Opini
Sabri (Wasekjen Jaringan Media Siber Indonesia/Tim Humas Sekretariat KKSS)

Sebagai anak muda yang merantau ke Jakarta, nama Sjafrie Sjamsoeddin bukan sekadar tokoh militer atau pejabat negara. Ia adalah simbol keteguhan, kerja keras, dan komitmen seorang perantau yang menapak jalan panjang dengan disiplin dan prinsip. Dalam sosoknya, generasi muda Bugis-Makassar menemukan gambaran nyata tentang bagaimana nilai-nilai leluhur bisa hidup di tengah kerasnya persaingan ibu kota.

Kisah hidup Sjafrie tidak hanya diwarnai oleh jabatan dan prestasi, tetapi juga oleh perjalanan batin seorang anak bangsa yang menjunjung tinggi falsafah “Reso temmangingi, namalomo naletei pammase dewata” — usaha yang tak kenal menyerah akan mengundang berkah dari Tuhan. Falsafah inilah yang menjadi darah bagi setiap perantau Bugis-Makassar tekun, disiplin, dan pantang mundur.

Cerita tentang Sjafrie Sjamsoeddin saat mengawal Presiden Soeharto dalam misi kemanusiaan di Bosnia bukan hanya tentang keberanian fisik seorang prajurit. Lebih dari itu, ia memperlihatkan bagaimana nilai “siri’ na pacce” (harga diri dan empati) menjadi kompas moral dalam setiap tindakan.
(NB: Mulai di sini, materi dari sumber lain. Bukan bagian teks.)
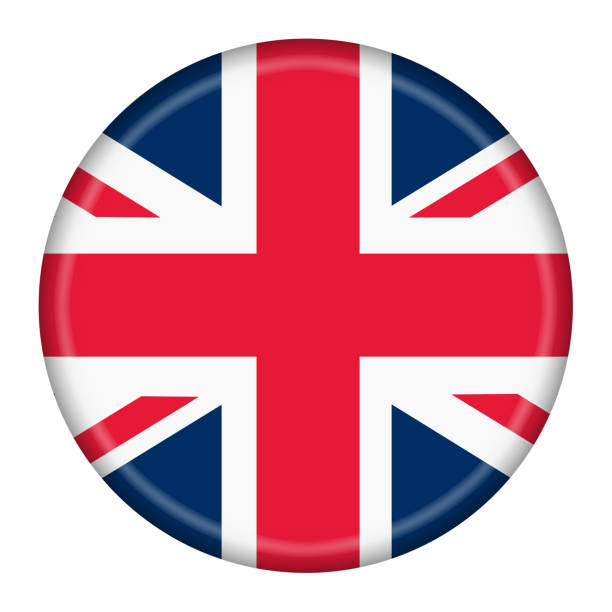 istock Button featuring the Union Flag or Union Jack when at sea of Great Britain isolated on a white background with clipping path 1181621854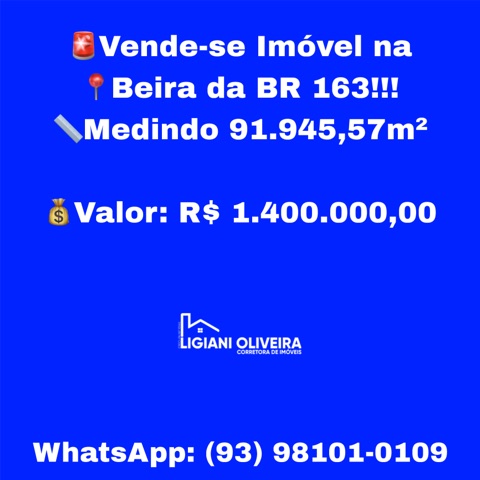 Terreno com 90975m², à venda, no bairro Beira da BR 163 em Novo Progresso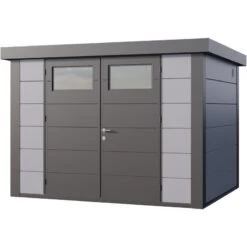 Abri En Acier Galvanisé Gris Clair 7,1m² Avec Double Porte Eleganto 3024 Telluria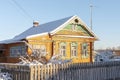 RussiaOld rural wooden house in russian village in winter sunny day. Moskow region, Russia Royalty Free Stock Photo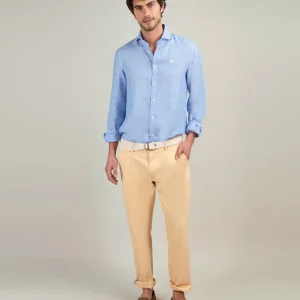 Camisa Lino Chambray Marino
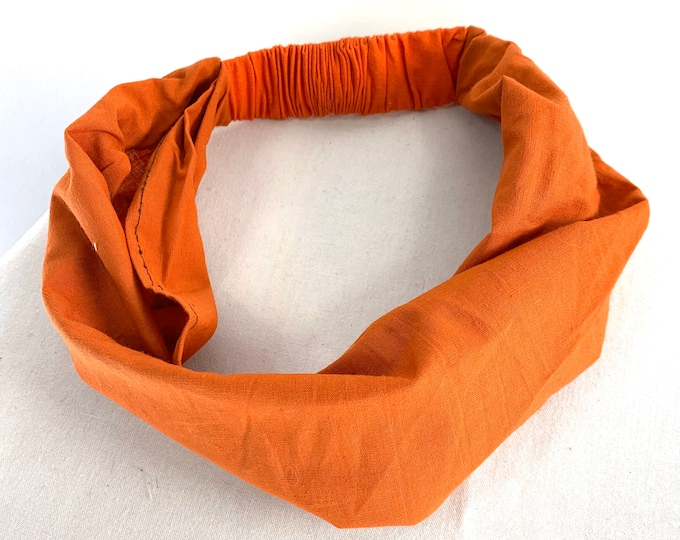 Orange Cotton Washable Headband Face Mask. dust mask, bandana, scrunchies FIT Head circumference 19” to 23”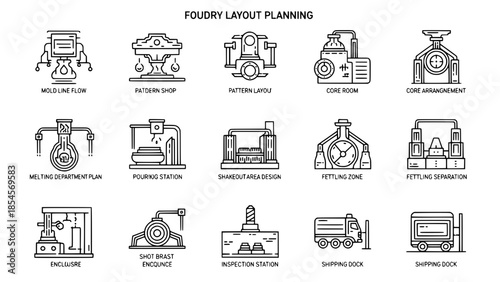 Foundry machinery displaying processes in black outlines or industrial manufacturing equipments showing work operations in plant or metalworking instruments performing procedures in factory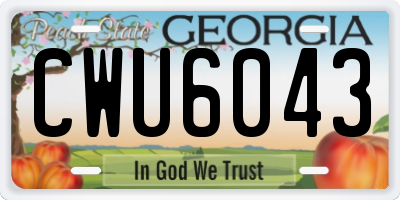 GA license plate CWU6043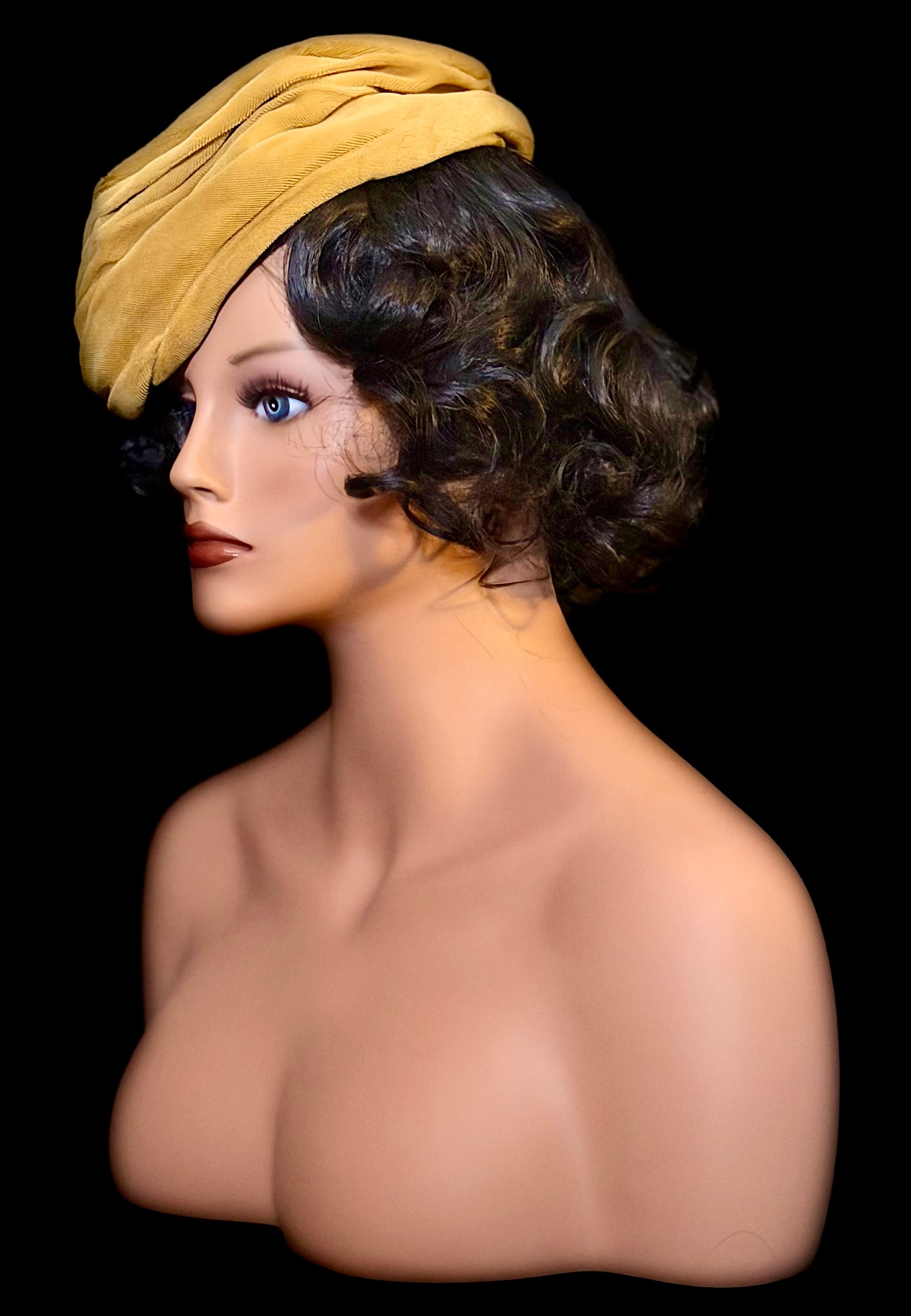 Vintage Draped Mustard Hat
Ia tidak hanya bertugas, tetapi berbakti. Ia tidak hanya melindungi, tetapi juga menjaga martabat bangsa.

Bagi generasi muda perantau di Jakarta, kisah itu menjadi refleksi bahwa keberanian bukan sekadar soal tampil gagah di depan bahaya, tetapi tentang menjaga komitmen pada tugas, kepercayaan, dan nilai kemanusiaan hal yang diajarkan oleh leluhur Bugis-Makassar sejak dahulu.

Menapak jejak Sjafrie Sjamsoeddin berarti belajar bahwa kesuksesan tidak datang dari keberuntungan, melainkan dari ketekunan yang berakar pada nilai. Dalam dunia modern yang sering menyanjung kecepatan dan hasil instan, kisah perantau seperti Sjafrie menjadi pengingat bahwa karakter, dedikasi, dan loyalitas adalah fondasi sejati dari keberhasilan.